→ Available data:
______
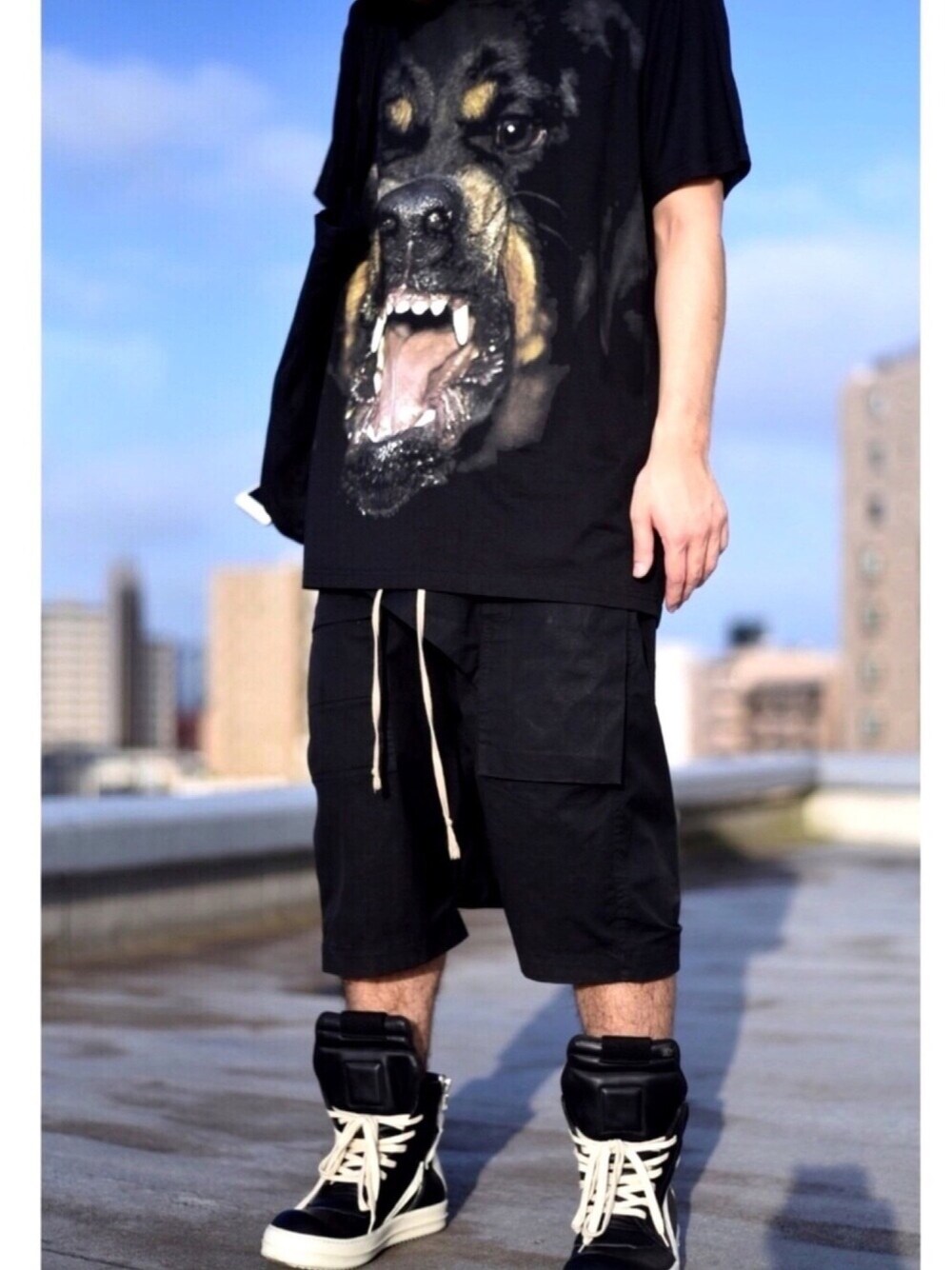 14aw givenchy カットソー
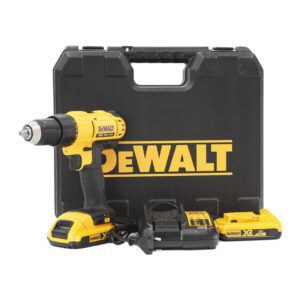DeWALT DCD771D2 - AKU vŕtačka/skrutkovač, 18V XR, 2×2,0Ah, kufrík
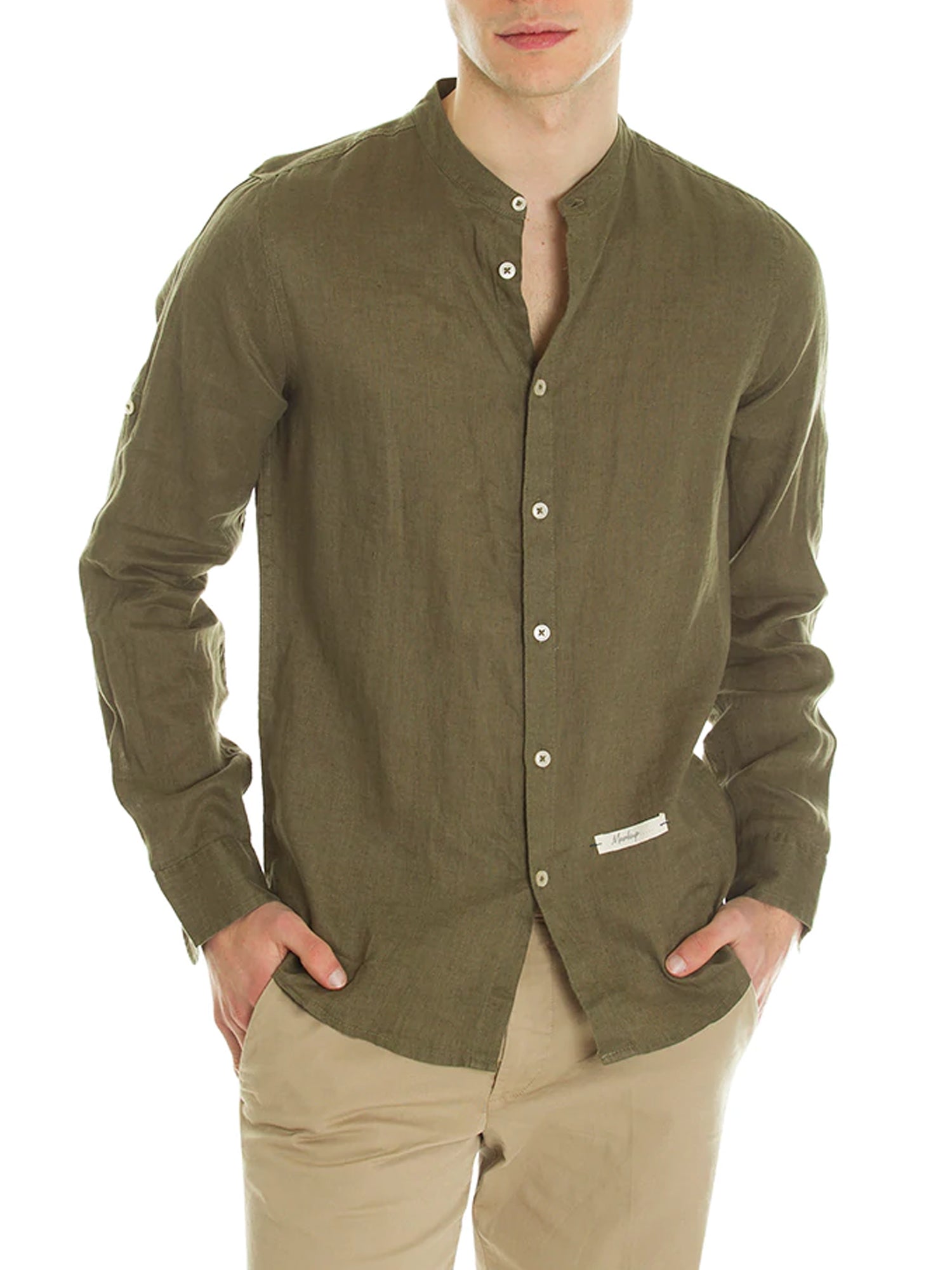 MARKUP CAMICIA COREANA MILITARE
______
→ Work request:
Print the whole listing above exactly, and keep every picture out of the copy.

→ Reply:
 14aw givenchy カットソー
DeWALT DCD771D2 - AKU vŕtačka/skrutkovač, 18V XR, 2×2,0Ah, kufrík
 MARKUP CAMICIA COREANA MILITARE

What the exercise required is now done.